Efficiency analysis of DeepFusionNet
DeepFusionNet efficiency is assessed utilizing Recognized goal features relative to a given activity, and on this case, the researcher primarily makes use of classification. The standard of classification is measured by embracing essential classification metrics, reminiscent of accuracy, precision, recall (also referred to as sensitivity), F1 rating, and specificity, to guage the mannequin’s success. This evaluation evaluates its capability to categorise multimodal enter (on visible, auditory, and movement knowledge) and elicit predefined creative responses. Accuracy is the share of cases the place the mannequin makes appropriate predictions42,43. Precision and recall decide whether or not the mannequin precisely detects each constructive and detrimental instances. The F1 rating combines precision and recall, which is especially necessary when working with imbalanced knowledge. Specificity quantifies the mannequin’s accuracy in classifying detrimental instances. Furthermore, the Receiver Working Attribute (ROC) curve and the Space Below the Curve (AUC-ROC) decide the trade-off between sensitivity and specificity, relying on completely different thresholds44. In binary classification issues, the Matthews Correlation Coefficient (MCC) can be employed as a result of it considers all values within the confusion matrix, thereby offering a balanced efficiency measure, particularly in imbalanced settings.
$$:Accuracy:=frac{{T}^{+}+{T}^{-}}{{T}^{+}+{{F}^{+}+T}^{-}+{F}^{-}}:::0le:Accle:1$$
(39)
$$:Specificity:=:frac{{T}^{-}}{{F}^{+}+{T}^{-}}:::::::::::0le:Sple:1:$$
(40)
$$:Sensitivity:=:frac{{T}^{+}}{{T}^{+}+{F}^{-}}:::::::::0le:Snle:1$$
(41)
$$:Mcc=:frac{left({T}^{-}{*:T}^{+}proper)-::left(:{F}^{-}*:{F}^{+}proper)}{sqrt{left({{f}^{+}:+:T}^{+}proper)left({T}^{+}+:{F}^{-}proper)left({F}^{+}+{T}^{-}proper)left({T}^{-}+{F}^{-}proper)}}:::::-1le:Mccle:1::::$$
(42)
The place T+ symbolizes true positives, (:{F}^{+}) symbolizes false positives, (:{T}^{-}) Symbolizes true negatives and (:{F}^{-}) False negatives, respectively.

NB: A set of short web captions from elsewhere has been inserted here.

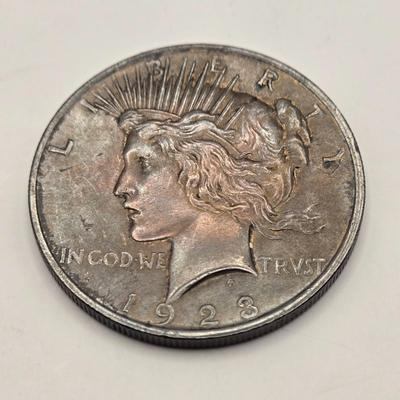 LOT 105J: Three 1923 Silver Peace Dollars / No Mint Mark Philadelphia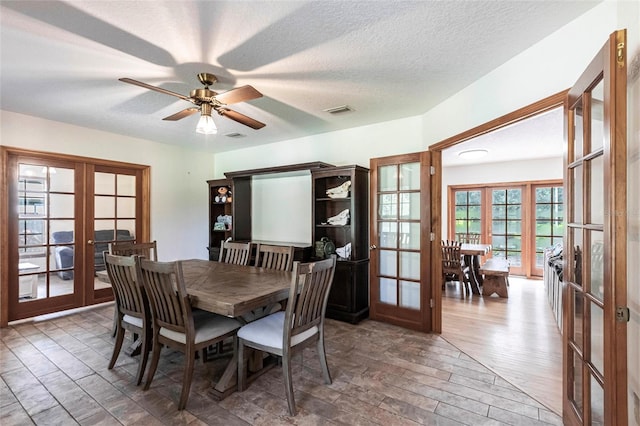 2788 SW County Road 769, Arcadia, FL 34266 - dining room featuring french doors, wood finished floors, and a ceiling fan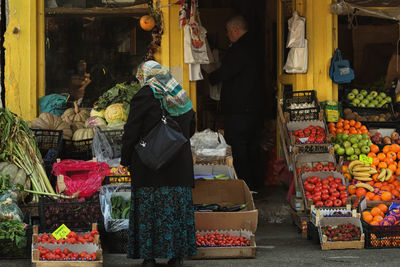 Women standing fruit stall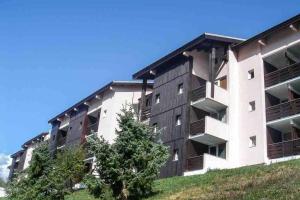 an apartment building with a tree in front of it at Petit appartement Labellisé Les 2 Alpes résidence Arc en Ciel télésiège Petite Aiguille in Les Deux Alpes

Regression standards are additionally represented by the Imply Absolute Error (MAE), Imply Squared Error (MSE), and Root Imply Squared Error (RMSE) along with classification metrics. Along with these metrics, we additionally consider the computational effectivity of DeepFusionNet, explicitly specializing in coaching time, inference time, and reminiscence consumption. These knowledge are important for understanding the precise implementation of the mannequin, particularly in real-time, the place latency and reminiscence are vital issues. To find out the comparative effectivity of DeepFusionNet, it’s contrasted with baseline fashions, testing its functionality with multimodal knowledge and the flexibleness of advanced exams. The above comparisons show the effectiveness of DeepFusionNet in multimodal classification issues, significantly in eventualities the place a number of knowledge streams should be processed in real-time. Though classification metrics assess the extent to which the mannequin can classify enter states (i.e., states that elicit predefined creative responses), it’s important to notice that creative advantage won’t be evaluated on this analysis. The emphasis is positioned on the reliability of the system to elicit the proper artist responses relying on the explicit states of the inputs. The aesthetic high quality of the manufacturing, together with graphic and sound stimuli, will probably be assessed in subsequent analysis by surveys or by skilled customers to supply a holistic overview of the mannequin’s efficiency in interactive artwork installations.
Imply Absolute Error (MAE):
$$MAE=frac{1}{N}sumlimits_{{i=1}}^{N} {left| {{y_i} – {{hat {y}}_i}} proper|}$$
(43)
Root Imply Squared Error (RMSE):
$$RMSE=sqrt {sumlimits_{{i=1}}^{N} {{{left( {{y_i} – {{hat {y}}_i}} proper)}^2}} }$$
(44)
These metrics are informative in assessing the efficiency of the random forest algorithm concerning the outcomes estimated and pushed by climate knowledge on financial actions. On this case, the first quantitative efficiency metrics assess the effectiveness of the mannequin used to determine college students who require assist.